A few years ago, when I turned 50, I took stock of where I was in my life as I walked on the beach that day. It was a beautiful day, and I took off in the car to spend time with myself, found myself at South Shore Beach in Little Compton. I took this photo of myself — a selfie — with the sun behind me.
The caption for this reads, “This is how I want to remember fifty; at the water, enveloped in light, loved, being a good mother/grandmother/friend/daughter/sister/child of God/creator; and I want to make progress in my dreams of painting more/ showing more art/ creating a new art space in RI (huge), shedding light on a food sharing in RI, and I want to make a short film/documentary (need a flip camera if anyone has one to share. It will be a busy fiftieth year; so, having said that, I’d better get my beauty rest. God knows at fifty, I’ll need a lot of it! Oh! Important! I want to do more yoga this year. And I want to record some meditation CDs to share the guided meditation I do by myself! Good night. — with The Madonna Painter.”
In terms of that day and what I wrote, I guess my life followed my dreams over the next two years. I found this caption and photo yesterday, just when I needed it… to realize that I am doing okay — on my own terms. I have dreamed large dreams and I am allowing myself to see them happen. [of course, I haven’t gotten to all of them; but definitely to others, with the film in progress and help i gave to the food sharing help was less than it could have been]
This 365 Madonna Painting project is a big dream, a big undertaking, and I pray that I make it. I was ready to pack in the 365 in 365 idea yesterday and then — just decided that I could do it. The actual BIG project hasn’t started yet; many of you don’t realize that. This is a primer of sorts…
I get scared when I think Big Dreams, though. Sometimes I PROCRASTINATE in fear. Before I painted this painting, I STOPPED and really Procrastinated: I blamed errands, the weather, the dog, you name it; I drove by the studio and kept driving; called and wrote a few friends to go out; ate dinner; had a bit of a pressure-derived panic-attack or several; then, finally JUST went to the studio and got it done. Writing is taking me a bit longer and you’re seeing paintings later as a result — but for now, this is the way I’m doing it.
Walking the path, just continuing… seems so easy now — after the fact.
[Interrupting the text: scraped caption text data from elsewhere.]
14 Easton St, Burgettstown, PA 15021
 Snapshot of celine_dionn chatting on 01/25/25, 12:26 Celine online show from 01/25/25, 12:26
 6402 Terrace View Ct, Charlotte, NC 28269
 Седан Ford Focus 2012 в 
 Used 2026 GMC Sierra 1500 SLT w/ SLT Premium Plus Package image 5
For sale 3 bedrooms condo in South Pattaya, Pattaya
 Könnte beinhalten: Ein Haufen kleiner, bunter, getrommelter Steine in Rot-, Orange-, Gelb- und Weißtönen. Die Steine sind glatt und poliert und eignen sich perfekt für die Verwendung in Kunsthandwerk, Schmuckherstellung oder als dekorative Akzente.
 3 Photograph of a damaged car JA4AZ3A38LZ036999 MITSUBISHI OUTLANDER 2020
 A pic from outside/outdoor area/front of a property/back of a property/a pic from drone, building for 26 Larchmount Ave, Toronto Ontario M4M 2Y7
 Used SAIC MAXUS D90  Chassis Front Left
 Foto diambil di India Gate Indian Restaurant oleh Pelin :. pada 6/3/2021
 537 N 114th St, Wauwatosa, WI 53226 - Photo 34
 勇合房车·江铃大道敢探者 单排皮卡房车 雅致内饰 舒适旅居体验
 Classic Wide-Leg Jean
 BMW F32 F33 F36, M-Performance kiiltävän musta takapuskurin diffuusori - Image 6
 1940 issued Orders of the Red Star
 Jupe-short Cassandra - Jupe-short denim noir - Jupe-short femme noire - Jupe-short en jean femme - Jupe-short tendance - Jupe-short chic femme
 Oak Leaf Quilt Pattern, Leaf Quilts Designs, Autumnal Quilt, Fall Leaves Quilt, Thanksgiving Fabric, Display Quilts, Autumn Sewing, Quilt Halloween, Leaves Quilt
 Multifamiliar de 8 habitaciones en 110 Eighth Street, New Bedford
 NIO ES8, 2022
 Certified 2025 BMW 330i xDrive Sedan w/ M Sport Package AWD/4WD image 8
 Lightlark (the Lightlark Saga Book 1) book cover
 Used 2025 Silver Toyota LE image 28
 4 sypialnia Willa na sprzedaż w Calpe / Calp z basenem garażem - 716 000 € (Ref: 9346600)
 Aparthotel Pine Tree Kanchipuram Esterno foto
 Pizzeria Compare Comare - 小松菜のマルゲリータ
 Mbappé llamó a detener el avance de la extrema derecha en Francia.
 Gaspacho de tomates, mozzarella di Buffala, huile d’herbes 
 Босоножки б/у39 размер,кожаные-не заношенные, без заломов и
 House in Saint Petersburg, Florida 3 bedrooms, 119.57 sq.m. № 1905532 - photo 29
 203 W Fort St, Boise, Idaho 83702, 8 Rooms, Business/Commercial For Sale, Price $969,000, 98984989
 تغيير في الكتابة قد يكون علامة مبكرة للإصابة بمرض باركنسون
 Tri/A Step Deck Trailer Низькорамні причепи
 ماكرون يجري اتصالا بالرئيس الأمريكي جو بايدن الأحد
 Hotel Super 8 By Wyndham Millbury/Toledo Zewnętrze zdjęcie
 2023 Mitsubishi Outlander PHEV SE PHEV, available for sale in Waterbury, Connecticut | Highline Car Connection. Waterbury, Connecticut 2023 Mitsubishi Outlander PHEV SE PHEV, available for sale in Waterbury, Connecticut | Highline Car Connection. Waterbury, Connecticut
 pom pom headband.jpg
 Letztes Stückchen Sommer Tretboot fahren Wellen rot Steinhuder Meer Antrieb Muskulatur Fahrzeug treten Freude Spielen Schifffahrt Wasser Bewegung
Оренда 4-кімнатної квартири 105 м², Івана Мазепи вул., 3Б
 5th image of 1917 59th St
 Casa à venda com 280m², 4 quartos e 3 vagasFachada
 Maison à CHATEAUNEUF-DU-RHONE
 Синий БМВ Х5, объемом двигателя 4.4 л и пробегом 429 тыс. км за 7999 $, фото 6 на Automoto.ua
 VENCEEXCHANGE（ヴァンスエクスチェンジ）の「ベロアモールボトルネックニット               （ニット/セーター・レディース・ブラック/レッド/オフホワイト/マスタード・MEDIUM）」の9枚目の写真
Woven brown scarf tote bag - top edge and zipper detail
I hope you like this painting. I love her and the baby… I was going to call it Children of the Corn or something, fitting for the day I had; but as I was finishing this painting at the studio, I heard a ding from my phone, and it was from one of my friend Elaine was concerned about my carrying on about my procrastination and her simply question on the text was, “How art Thou?”
I tweaked it with caps to “How ART Thou?” and so now you have my answer. (okay for now.)